* [Work order]
Directions for the data below: repeat exactly the lines from the one with "thumbnail image 4" through the one with "Blue Balloon Baby", both included, and omit all pictures.

* [Excerpted data]
★ ★ ★ ★ ★

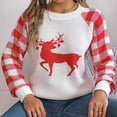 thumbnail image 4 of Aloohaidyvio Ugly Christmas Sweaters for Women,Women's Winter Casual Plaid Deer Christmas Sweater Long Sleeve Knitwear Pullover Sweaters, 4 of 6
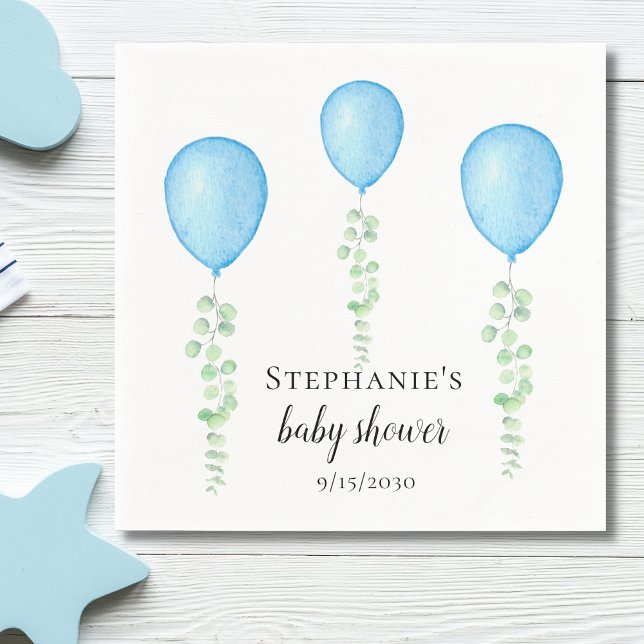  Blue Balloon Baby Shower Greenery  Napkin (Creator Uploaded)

★ ★ ★ ★ ★

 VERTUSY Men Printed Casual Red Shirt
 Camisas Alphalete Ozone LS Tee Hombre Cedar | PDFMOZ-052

★ ★ ★ ★ ★

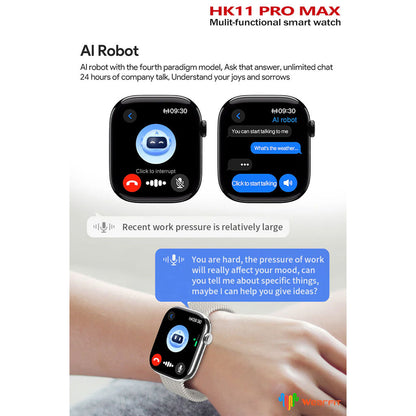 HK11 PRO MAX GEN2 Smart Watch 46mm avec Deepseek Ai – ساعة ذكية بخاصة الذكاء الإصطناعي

★ ★ ★ ★ ★

* [Task solution]
 thumbnail image 4 of Aloohaidyvio Ugly Christmas Sweaters for Women,Women's Winter Casual Plaid Deer Christmas Sweater Long Sleeve Knitwear Pullover Sweaters, 4 of 6
  Blue Balloon Baby Shower Greenery  Napkin (Creator Uploaded)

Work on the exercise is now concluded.